World Health Index Analysis

Kaggle source link | Download R Script | Download CSV file

The data

A school project analyzing a toy dataset from Kaggle consisting of 16 variables:

Country
Year
Headline Consumer Price Inflation
Energy Consumer Price Inflation
Food Consumer Price Inflation
Official Core Consumer Price Inflation
Producer Price Inflation
GDP deflator index growth rate
Continent/Region
Score
GDP per capita
Social support
Healthy life expectancy at birth
Freedom to make life choices
Generosity
Perceptions of corruption

After the csv file is downloaded and put into RStudio, my team wished to test all the columns for significance in regards to score (World Happiness Index score), we could do this using multiple linear regression.

Significant variables

With this intent, we first looked at the missing-ness of each column:

colSums(is.na(df)) / nrow(df) * 100

And removed those columns that have a significant amount of N/A values. We identified 2 such columns; Official Core Consumer Price Inflation and Producer Price Inflation.

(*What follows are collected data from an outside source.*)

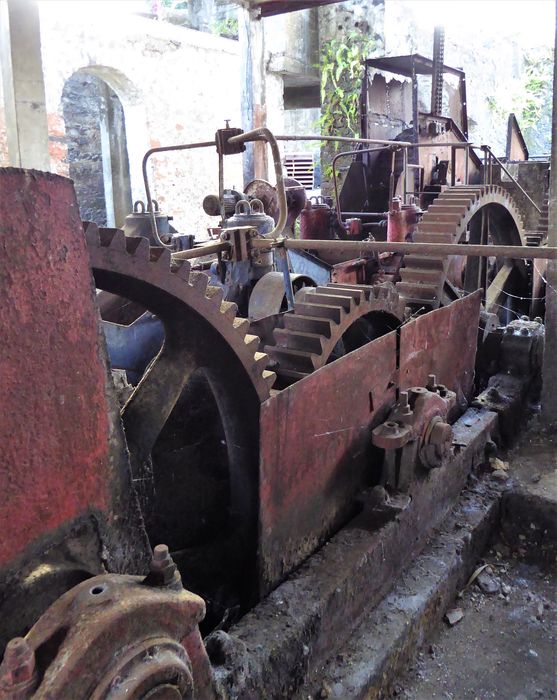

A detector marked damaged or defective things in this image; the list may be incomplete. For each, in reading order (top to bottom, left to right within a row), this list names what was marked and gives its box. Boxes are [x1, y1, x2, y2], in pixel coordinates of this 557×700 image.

rusted metal frame [141, 138, 215, 245]
rusted metal frame [226, 130, 286, 239]
rusted metal frame [330, 146, 396, 223]
rusted metal frame [482, 145, 540, 213]
rusted metal frame [250, 235, 556, 260]
rusty red metal plate [0, 167, 146, 572]
rusty red metal plate [398, 290, 480, 404]
rusty red metal plate [258, 330, 398, 592]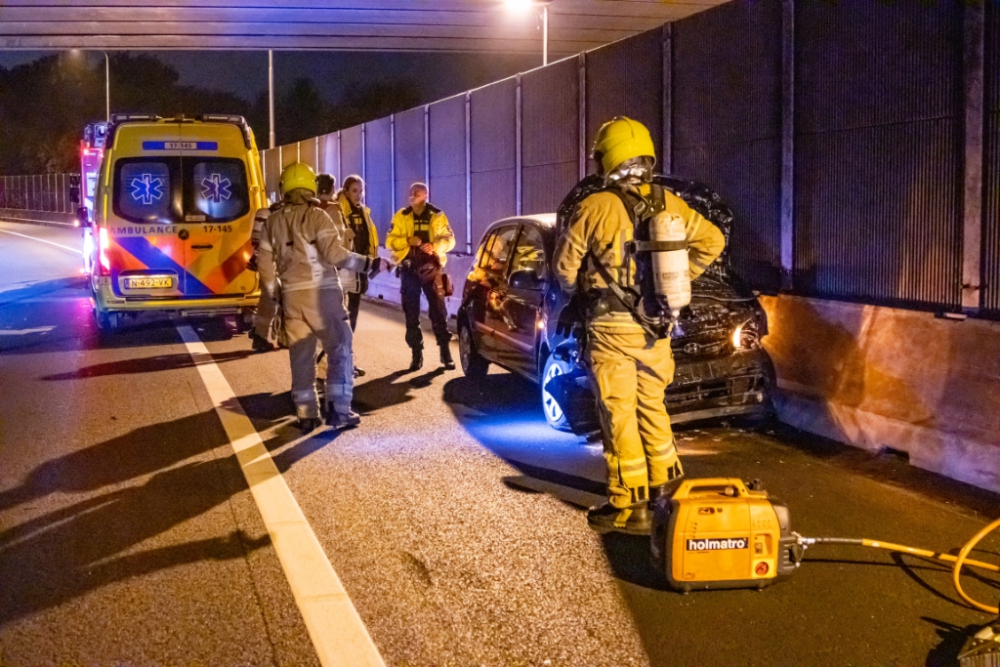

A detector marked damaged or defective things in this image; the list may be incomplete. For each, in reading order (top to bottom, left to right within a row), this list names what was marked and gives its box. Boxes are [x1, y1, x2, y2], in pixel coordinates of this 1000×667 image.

crashed car [458, 174, 776, 434]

df <- df %>% select(-`Official Core Consumer Price Inflation`) %>% select(-`Producer Price Inflation`)

Before doing multiple linear regression, we removed Country and Continent/Region to reduce the amount of dummy binary variables. This adds an assumption that countries and continents/regions does not affect the happiness score, a reasonable assumption we felt - but thinking back on it now, certain countries do have branding and inherent bias to its name. The United States' American dream, for example, or the stigma against countries in the African continent, or the European Union's relatively high standard of living, etcetera.

After running multiple linear regression we have discovered these variables are significant:

Year
Energy Consumer Price Inflation
GDP per Capita
Social support
Healthy life expectancy at birth
Freedom to make life choices
Generosity
Perceptions of corruption

Imputation

After finding out the significant columns, we need to decide how to handle all the missing values. The team agreed we should do imputation, however, with no way to know the relationship between the missing and recorded data (as we are not part of the collection process), predictive mean matching (PMM) imputation was brought up as a method. I argued that the best practice was stochastic regression by country.

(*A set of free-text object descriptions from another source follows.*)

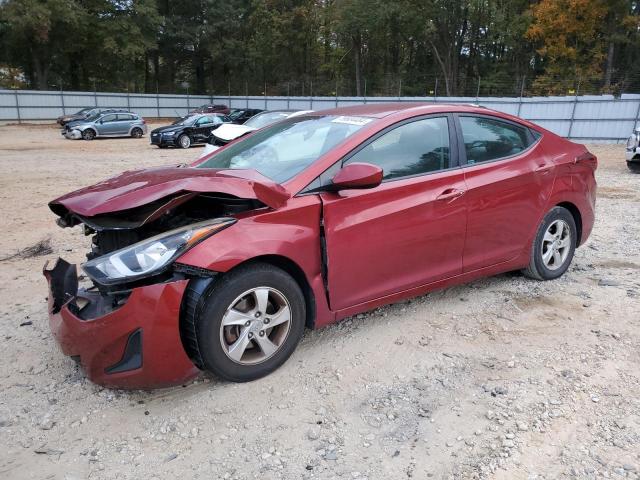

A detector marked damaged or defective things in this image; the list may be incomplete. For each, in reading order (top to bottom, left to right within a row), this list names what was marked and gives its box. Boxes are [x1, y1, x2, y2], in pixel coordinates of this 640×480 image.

broken headlight [83, 218, 235, 284]
crumpled hood [50, 166, 290, 217]
crumpled hood [214, 123, 256, 142]
damaged red car [43, 103, 596, 388]
torn bumper piece [43, 258, 198, 390]
dented front bumper [43, 258, 199, 390]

In short, we faced two choices at this point in time:

Global PMM imputation - less work, less accurate imputation variance
by Country stochastic linear regression imputation - more work, more accurate imputation variance

It was a big disagreement - I tried stochastic linear regression but could not make it work, I worried there wasn't enough data for some countries which only filled in some categories(columns) and/or years, my solution was to take those countries out, which was disagreed on by the team again. At an impasse, there was a need for an arbitrator, so we emailed the professor for guidance

With this advice, it was clear that we should just go ahead with stochastic regression imputation on the countries regardless that some of them had missing years and/or columns. During the school project, out of time and skill, we had gone against this directive and used a global blanket predictive mean method (PMM) of imputation, but now, I will attempt to fill in missing years with blank rows and attempt to fill them out with imputation per country.